For some women of color, there can be even fewer models of executive office success. For instance, there have been Black female lieutenant governors, but as The Times’s Jazmine Ulloa reported this week in an article headlined “More Black Women Run for Office, but Prospects Fade the Higher They Go,” no state has had a Black female governor. While Harris broke several glass ceilings as the first female, Black and Asian American vice president, she is, according to a recent Times analysis, “struggling to carve out a lane for herself,” and many doubt her prospects as a future leader of the country.

Running in the charisma lane — Sarah Palin’s rise is a good example — doesn’t seem to work as well for women running nationally, because they can more easily be dismissed as unserious. Palin had more political experience than Trump or Lake when she ran for vice president, but it’s also noteworthy that several years after she resigned as governor of Alaska, she couldn’t even win a congressional race in her home state, despite once having been quite popular there and having been, by many accounts, a precursor to Trump. (To be clear: In my ideal world, neither Palin nor Trump nor Lake would get anywhere near the White House — not again, at least.

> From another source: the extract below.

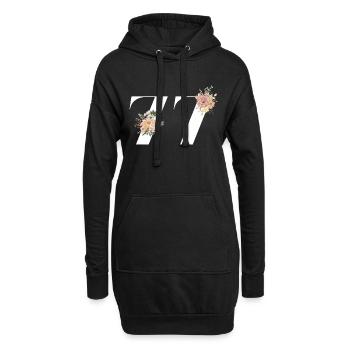 77e anniversaire fleuris (Cadeau de 77 ans) - Sweat-shirt à capuche long Femme - noir - Devant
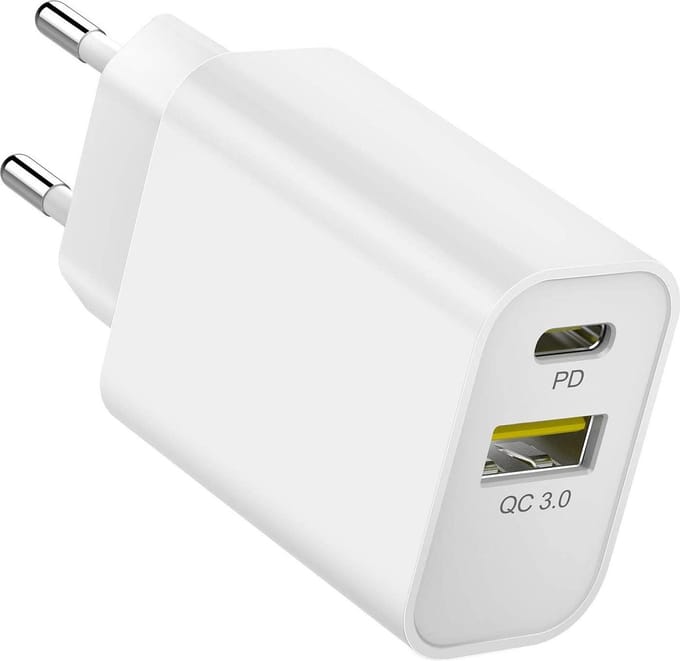 Usb Adapter 2 Poorten 20w Wit - Usb-C & usb-A - Usb C Oplader - Snellader - Power Delivery - Usb lader - Telefoon oplader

And while I think Haley’s résumé is solid, we’re not remotely ideologically aligned. But we don’t live in my ideal world; we live in a world where our former president publicly declares, “I am your retribution,” like a video game villain and his supporters cheer.)

If the experience lane is blocked for women, too, however, there’s nowhere for them to run.

I ran this theory by Jennifer Lawless, a professor of politics and public policy at the University of Virginia. She told me that while she doesn’t disagree with the premise, we might not even have enough inexperienced female candidates running to know whether pure charisma works for them. “The perception among female candidates is that they need to be more qualified, but there’s not much evidence that voters are holding them to a higher bar. At the same time, voters are not frequently presented with unqualified female candidates,” she told me over the phone.

Over two decades of research, Lawless has found that at this point, female candidates perform just as well as male candidates in terms of winning elections and raising money. Where they’re still far behind is in what she calls “political ambition,” or the desire to run for office. Since 2001, Lawless has been polling citizens “with the four professional backgrounds most common among elected officials (law, business, education and politics),” and found that the gender gap in political ambition has actually grown by two percentage points since the early aughts: In 2001, 59 percent of these men considered running for office, compared to 43 percent of women. In 2021, the percentage of men remained at 59 percent, but the percentage of women dropped to 41 percent.

“Women aren’t only less likely than men to have considered running for office,” write Lawless and her colleague, the political scientist Richard Fox. “They are also less likely to express any interest in a candidacy at some point down the road.” Interestingly, the gender gap in political ambition is about the same for white women and women of color.